The recently concluded global climate strike has been one of the largest protests around this issue in history. Millions of people from across the world came together on the streets and demanded that strict actions be taken on climate change. But who are these people who participated in the climate strikes, and what ideologies do they hold?
Climate strike participants
The Institute for Protest and Movement Research surveyed climate strike participants. Research groups surveyed the protestors across nine European nations through a standard questionnaire. The findings showed that the average age of protestors is 25.8 years, with 52.8 percent of the participants between the ages of 14 and 19. When it comes to gender, 57.6 percent of participants were female. Politically, 53.3 percent considered themselves to be aligned with left-wing ideologies. Economically, 43.6 percent came from the upper-middle class.
“Almost 20 percent are convinced that political decisions can limit climate change; another 40 percent consider this probable… However, less than one in five have directly approached a politician with this demand. The majority of them are endeavoring to change their lifestyle to protect the climate — for example, by reducing consumption (70.5 percent), changing nutrition (68 percent), saving energy (61 percent), and not traveling by air (39.5 percent),” according to Deutschland.
The global climate strike movement’s intentions, like those of other climate change organizations, demand that the consumption of fossil fuels be minimized, but the movement does not stop there. It asks for “reparations” and “climate justice.” Both echo the ideologies of the left, where a victim group is identified and positioned against the “bad guys,” which in this case would likely be Western industries. Ironically, China is the biggest polluter in the world.
A term like reparations possibly indicates that the movement might eventually demand that the Western World pay some tax to reverse the damage caused by the changing climate. “The manifesto insists that we need to “reject false solutions,” including geoengineering, carbon capture, and storage, “technofixes” more broadly, smart agriculture, “mega hydro,” nuclear power, carbon trading, and biofuels,” according to the National Review.
Greta Thunberg
Highlighting the climate strike was the United Nations Climate Action Summit and climate activist Greta Thunberg, who scolded world leaders for failing to address climate change. The 16-year-old has become one of the leading voices for a generation confronting the consequences of a warmer planet.
“This is all wrong. I shouldn’t be up here,” said Thunberg, whose lone protest culminated in the global climate strikes. “I should be back in school on the other side of the ocean. Yet you have come to us young people for hope. How dare you.”
She told the UN that even the strictest emission cuts being talked about only give the world a 50 percent chance of limiting future warming to another 0.4°C (0.72°F) from now, which is a global goal. Those odds are not good enough, she said. “We will not let you get away with this,” Thunberg said. “Right now is where we draw the line.”

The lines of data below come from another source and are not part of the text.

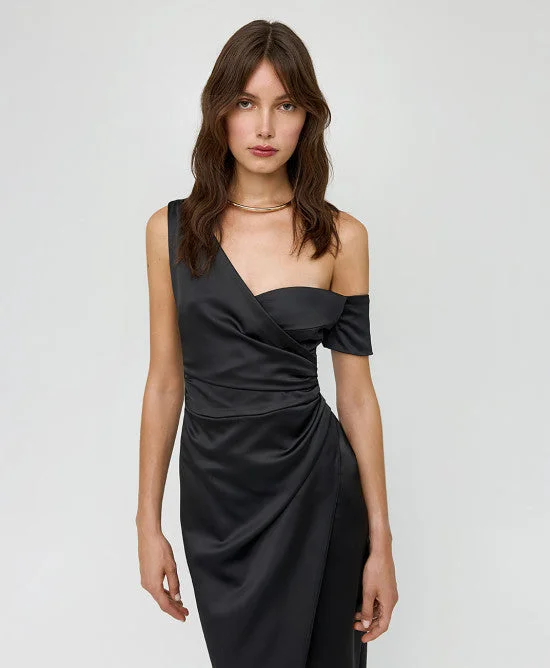 Access Fashion Satin Long Black Dress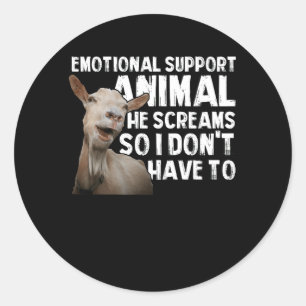 Sticker Rond Chèvre hurler Soutien émotionnel Chèvre animal Pro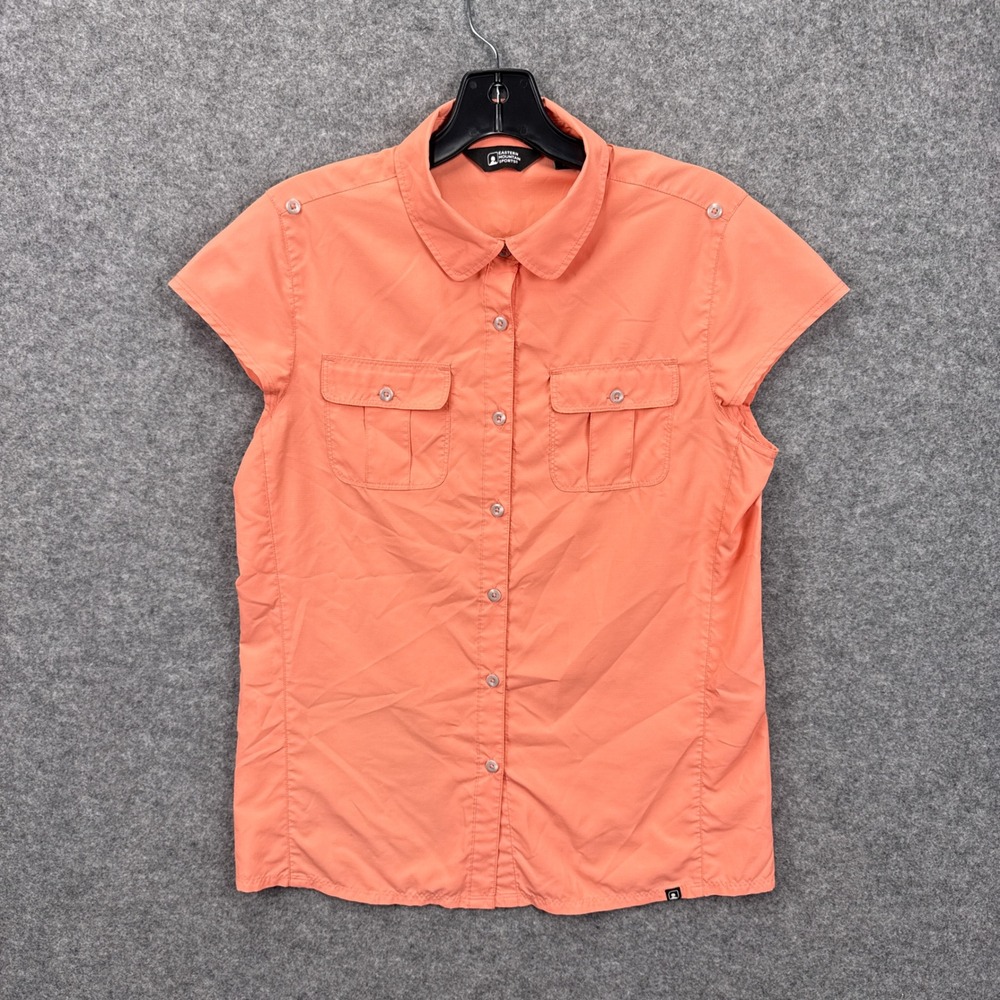 Eastern Mountain Sports Womens Coral Orange Ripstop Hiking Shirt Small S15W0006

Environmentalists have grown increasingly alarmed over warming trends that have exceeded scientists’ models. For instance, a climate study in January showed the world’s oceans are warming significantly faster than previously thought. Since 1970, the ocean has warmed 40 percent more than previous estimates.
The UN noted on its website that global emissions “are reaching record levels and show no sign of peaking,” and that the last four years were the hottest recorded. And that change, the UN said, is beginning to have a “life-threatening impact” as it brings more air pollution, heatwaves, and greater risk to food security.